1868 186 At the French revolution man emancipated himself — to have what? Uncertainty in everything, and a ruin from which he found no resource. Conscience and the Bible, under God's good hand, emancipated at the Reformation — imperfectly, but really; man's will, without the Bible, at the Revolution

 

To Correspondents.

1868 192 E. J. S. C. can send a copy of what he deems suitable, though of course subject to the Editor's judgment.

M. will find a discussion of the force of cheirotoneo, and especially in reference to Acts 14, in "Six Lectures on the Church of God" (Broom), pp. 216-221. The real meaning is that Paul and Barnabas chose elders for the disciples in each assembly. Acts 10:41 proves the absurdity of pressing the etymological force of ch.

J. S. (Swindon) might find help in "Notes on Daniel" (Morrish), especially pp. 195-204. The north is Syria, and the south is Egypt, whoever may hold these territories in that day. "The king," or "man of sin," is distinct from both.

Fragments Gathered Up.

1868 192 God was manifest in the flesh to fulfil a work of self-sacrifice for me.
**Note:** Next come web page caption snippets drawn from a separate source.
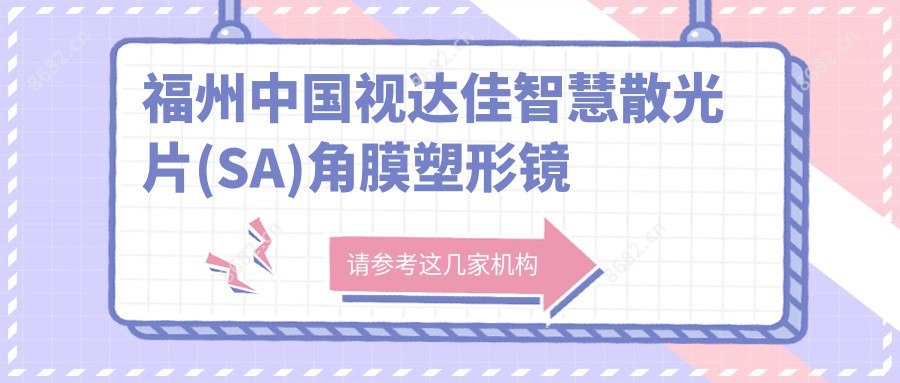 福州国内视达佳智慧散光片(SA)角膜塑形镜贵不贵?当地建议医院介绍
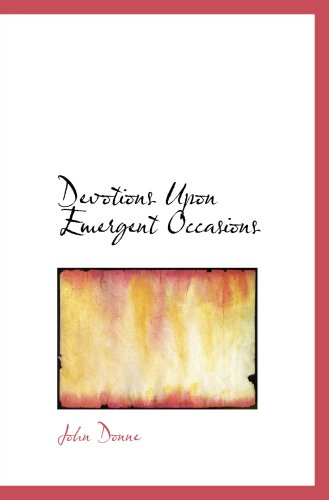 Devotions Upon Emergent Occasions: Together with Death's Duel (9780554106441) by Donne, John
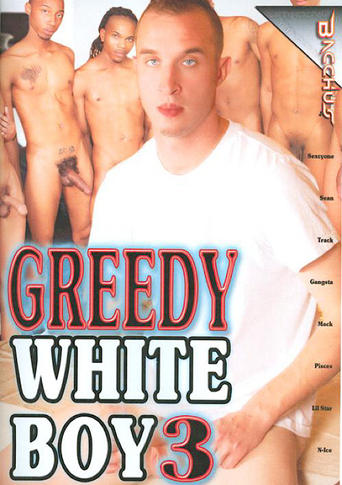 Poster of Greedy White Boy 3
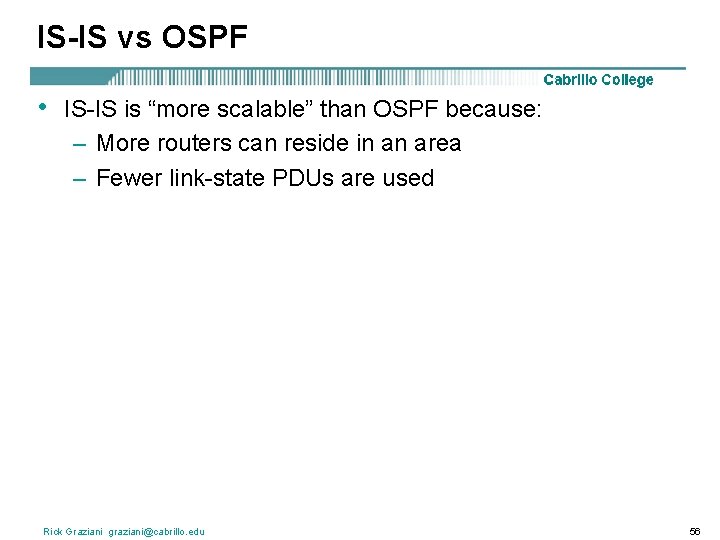 IS-IS vs OSPF • IS-IS is “more scalable” than OSPF because: – More routers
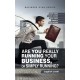 Are You Really Running Your Business, or Simply Running ? - English Book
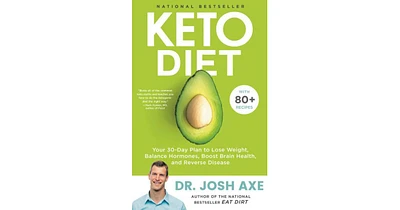 Keto Diet: Your 30-Day Plan to Lose Weight, Balance Hormones, Boost Brain Health, and Reverse Disease by Josh Axe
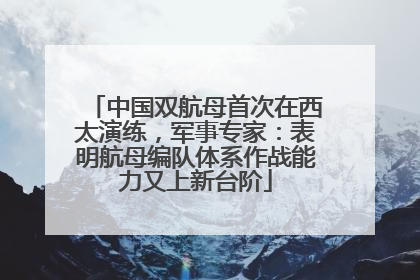 中国双航母首次在西太演练，军事专家：表明航母编队体系作战能力又上新台阶
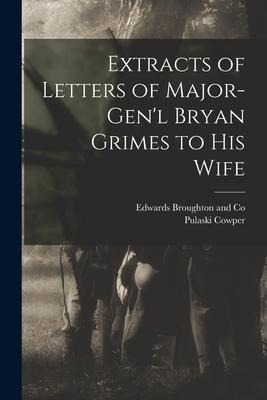 Extracts of Letters of Major-Genl Bryan Grimes to his Wife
A man's sacrificing himself for me would present the highest human claim on a grateful heart; but God's doing it (that new, lovely, yet infinite fact, capable of filling the whole moral world) puts all that world in a new condition.

Does not the nature of the effect produced as to the knowledge of God, where Christianity has existed (or even Judaism), prove that there was a revelation of God?

The rejection of the last phase of the ecclesiastical system on earth is the starting-point of the properly prophetic portion of the Revelation (Rev. 4 — 22).

In Ephesians 4, 5 God is in every way brought in. The new man is after God, etc., and the Holy Spirit is the Holy Spirit of God.